■ Task inputs
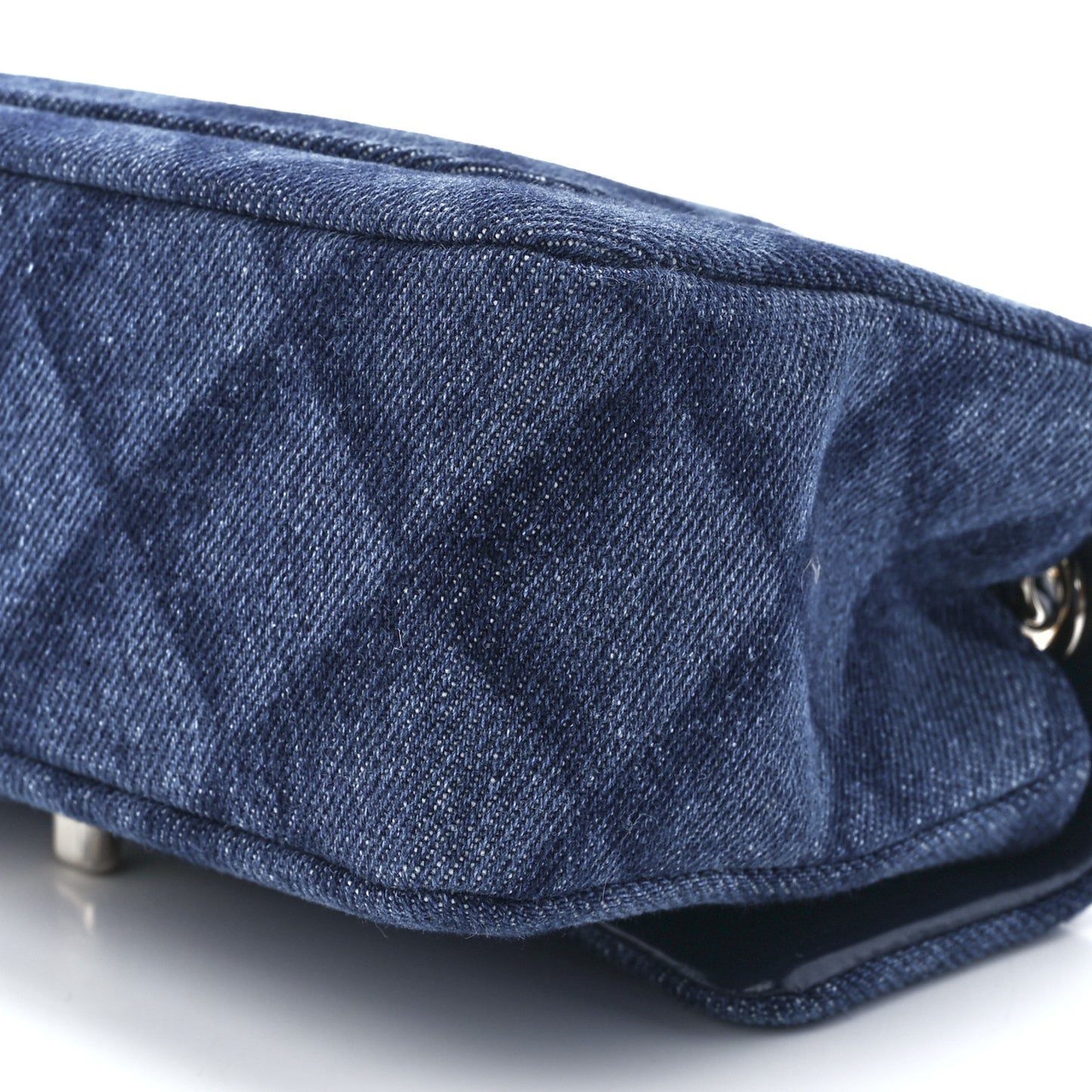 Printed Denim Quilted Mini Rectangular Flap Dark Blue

* * *

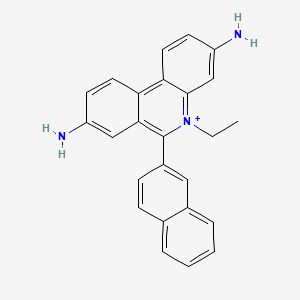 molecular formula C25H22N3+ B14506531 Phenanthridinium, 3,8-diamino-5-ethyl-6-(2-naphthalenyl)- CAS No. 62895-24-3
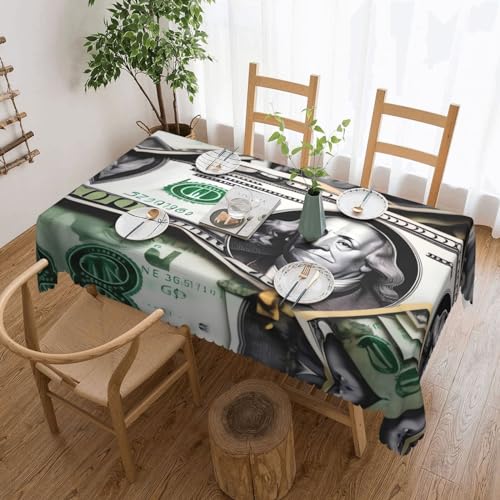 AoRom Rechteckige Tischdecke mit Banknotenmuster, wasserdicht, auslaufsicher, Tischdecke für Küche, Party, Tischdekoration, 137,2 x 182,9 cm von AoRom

---

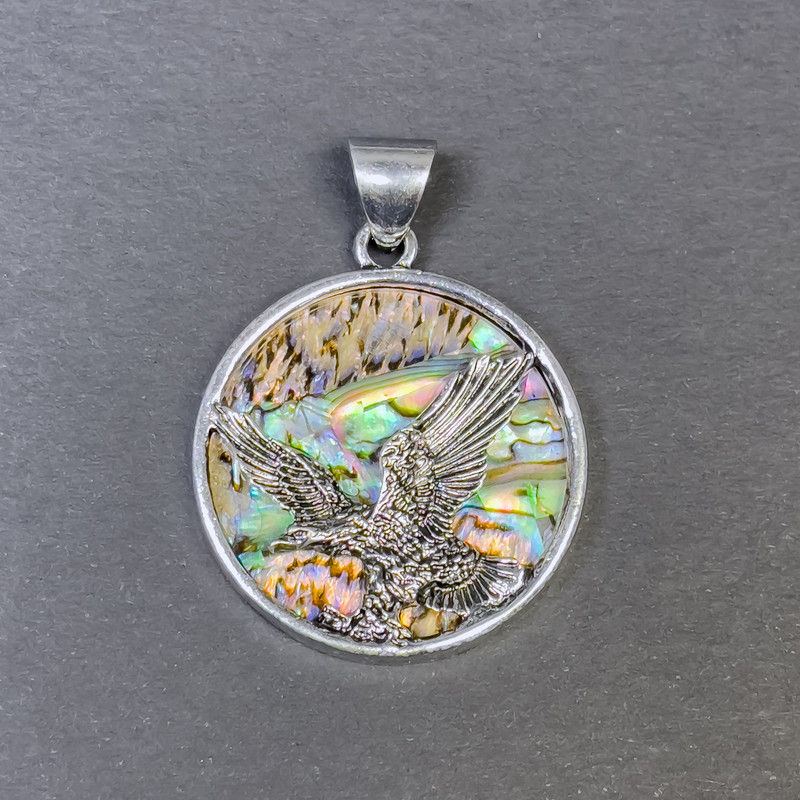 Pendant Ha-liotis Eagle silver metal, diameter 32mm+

■ Instructions to follow
Start at the line containing "molecular formula C25H22N3+" above and stop at the line containing "AoRom Rechteckige Tischdecke". Output those lines exactly, both included, but none of the pictures.

■ Reply to the exercise
 molecular formula C25H22N3+ B14506531 Phenanthridinium, 3,8-diamino-5-ethyl-6-(2-naphthalenyl)- CAS No. 62895-24-3
 AoRom Rechteckige Tischdecke mit Banknotenmuster, wasserdicht, auslaufsicher, Tischdecke für Küche, Party, Tischdekoration, 137,2 x 182,9 cm von AoRom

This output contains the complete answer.